Many people these days gush about how awesome their experience is in the consumer space while they complain about the dreaded experience in the enterprise. And content management is one of those enterprise applications with bad reputation. What many do not realize, though, is that most of what we do in the consumer space is content management. Yes, indeed. We edit and share pictures and videos, we rip music onto our iPods, we publish blogs and microblogs and we collaborate and network with each other. All these activities deal with content – text, audio, video, and social media. We just never call it content management as that would make it sound like work. But the reality is that this is exactly the same thing that content management is trying to do in the enterprise. The main difference is that the content is jointly created and consumed by multiple users.

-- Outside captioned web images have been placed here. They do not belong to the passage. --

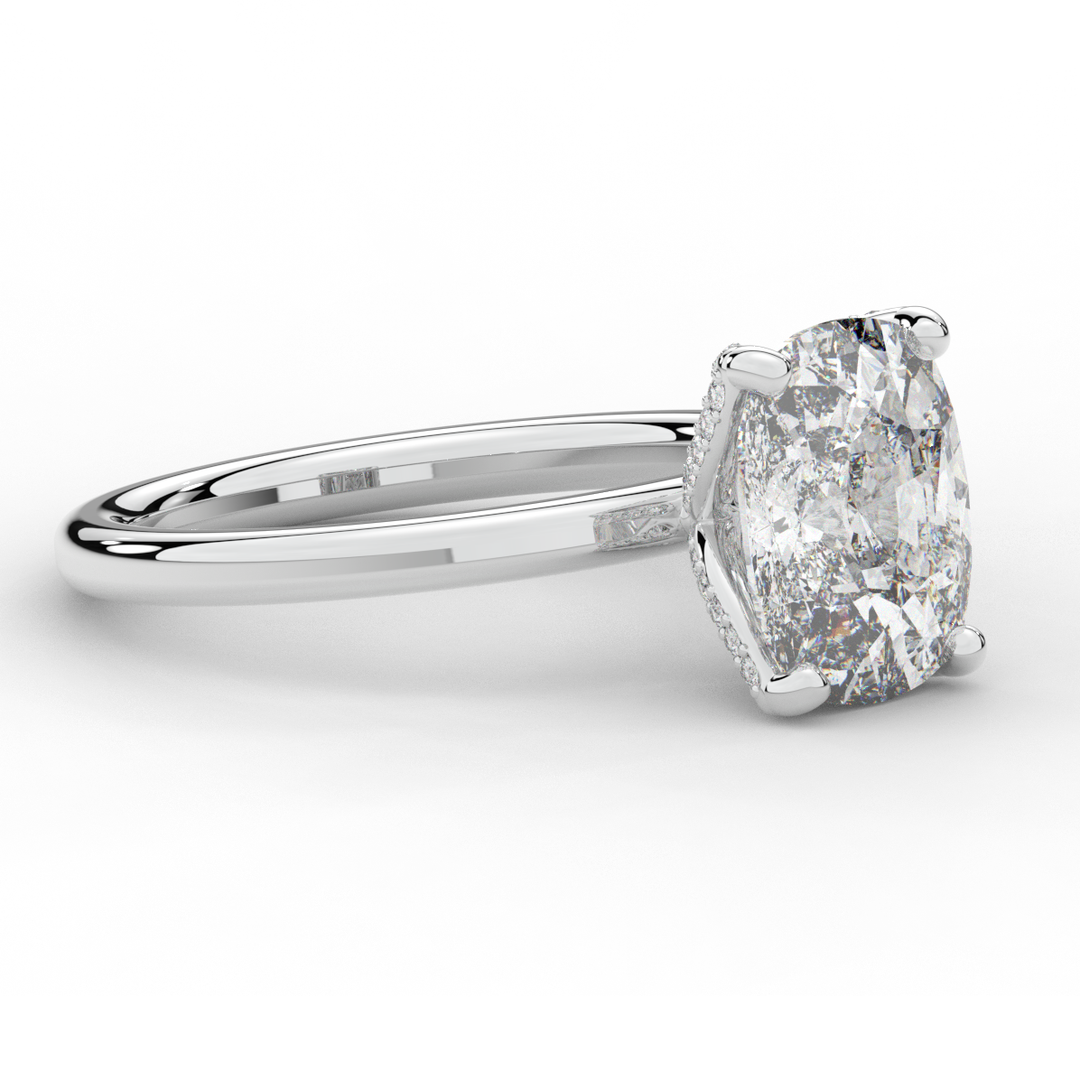 3.10CT.TW CUSHION LAB DIAMOND ENGAGEMENT RING - Nazarelle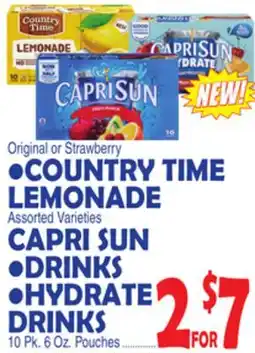 Bravo Supermarkets •COUNTRY TIME LEMONADE •CAPRI SUN DRINKS •HYDRATE DRINKS offer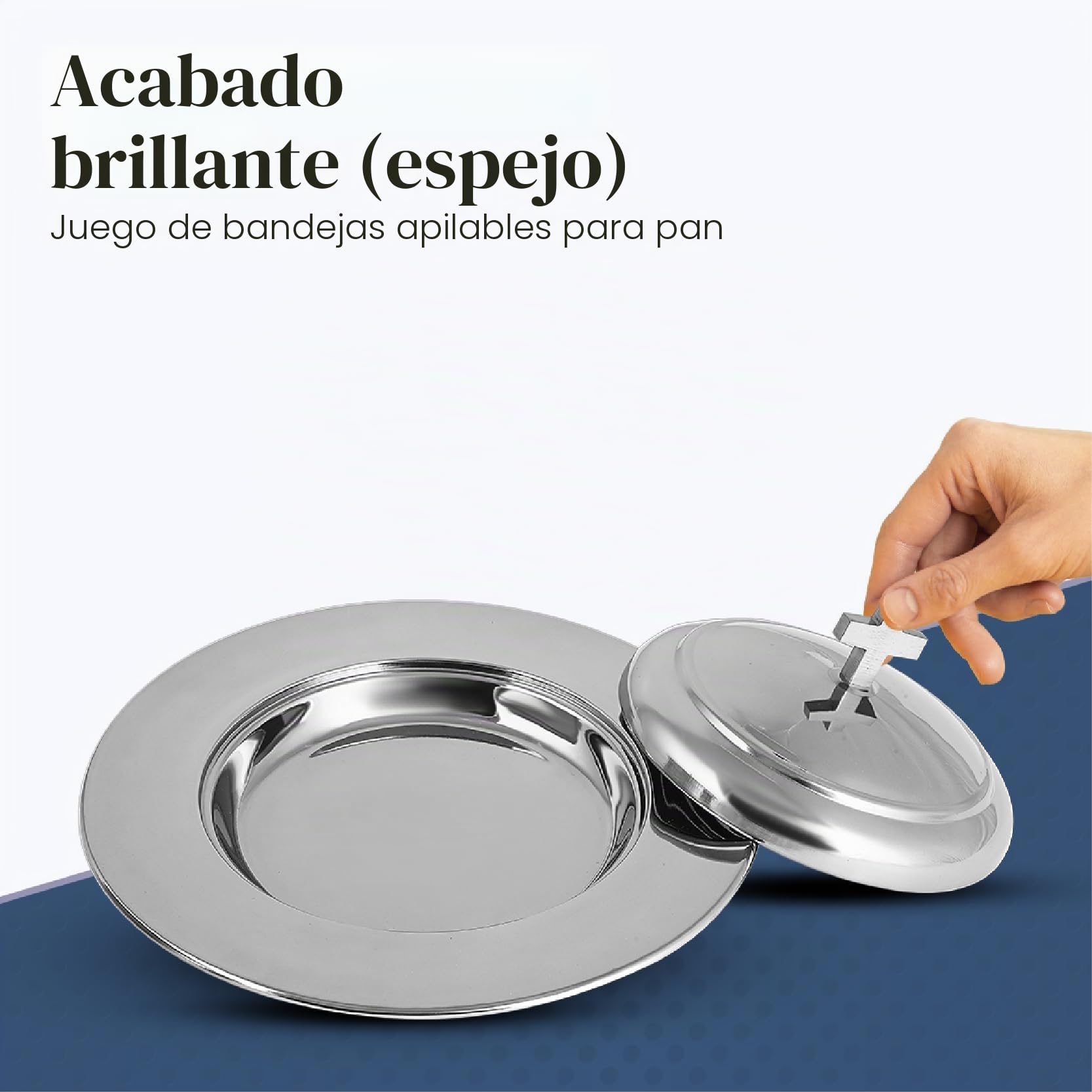 Communion Ware - Juego de 3 bandejas para servir con tapa y 2 platos apilables para pan con tapa, acero inoxidable, espejo/plata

The consumer space also gives us appreciation for some of the difficulties related to ECM. One of the key challenges of ECM is to get good metadata attached to content. What, you don’t care about metadata? Oh yes, you do! Take your iTunes library, for example. All those names of songs, albums, and artists are metadata which allows you to organize your library and to make it useable. When you first import your songs into iTunes, you are likely to see a lot of mess. The names of songs or artists are missing and you comprehend the value of metadata very quickly. And so you spend hours cleaning it up to make sure that it is organized the way you want it. Without keeping your metadata clean, your iTunes library can quickly become a mess again which would severally limit its usefulness. And the same is true for your pictures, videos, or documents.
It's all about metadata.


The issues are the same in the enterprise, except that now we have to coordinate many people to agree on the metadata consistently. And that’s a big challenge. You know how you sometimes have to decide to organize your pictures by date, by location or by event? Well, not everyone will make the same call and with hundreds or thousands of users, the inconsistencies can become significant. To avoid the mess in the enterprise, you need a taxonomy. But that sounds like a boring kind of enterprise software that is so much less cool than the software at home. And yet, the management of content in consumer applications is very similar to enterprise content management. Well, perhaps ECM does handle a tad more complex problems…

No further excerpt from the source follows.